** PROBLEM TO SOLVE **
Under this line are the records; write out word for word the part that begins at the line containing "Green peas and" and ends at the line containing "Wirtshaus zur Brezn", and no more.
(Beginning of INFORMATION PROVIDED)
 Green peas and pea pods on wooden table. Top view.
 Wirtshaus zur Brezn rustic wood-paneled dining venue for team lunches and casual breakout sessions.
(End of INFORMATION PROVIDED)
(Beginning of INFORMATION PROVIDED)
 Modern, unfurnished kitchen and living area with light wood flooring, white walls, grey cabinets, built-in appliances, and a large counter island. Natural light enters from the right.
(End of INFORMATION PROVIDED)
(Beginning of INFORMATION PROVIDED)
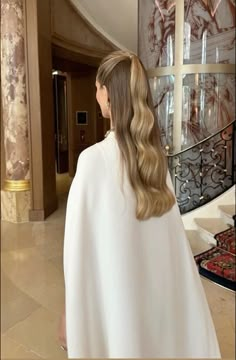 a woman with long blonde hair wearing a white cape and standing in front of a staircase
(End of INFORMATION PROVIDED)
** TASK RESPONSE **
 Green peas and pea pods on wooden table. Top view.
 Wirtshaus zur Brezn rustic wood-paneled dining venue for team lunches and casual breakout sessions.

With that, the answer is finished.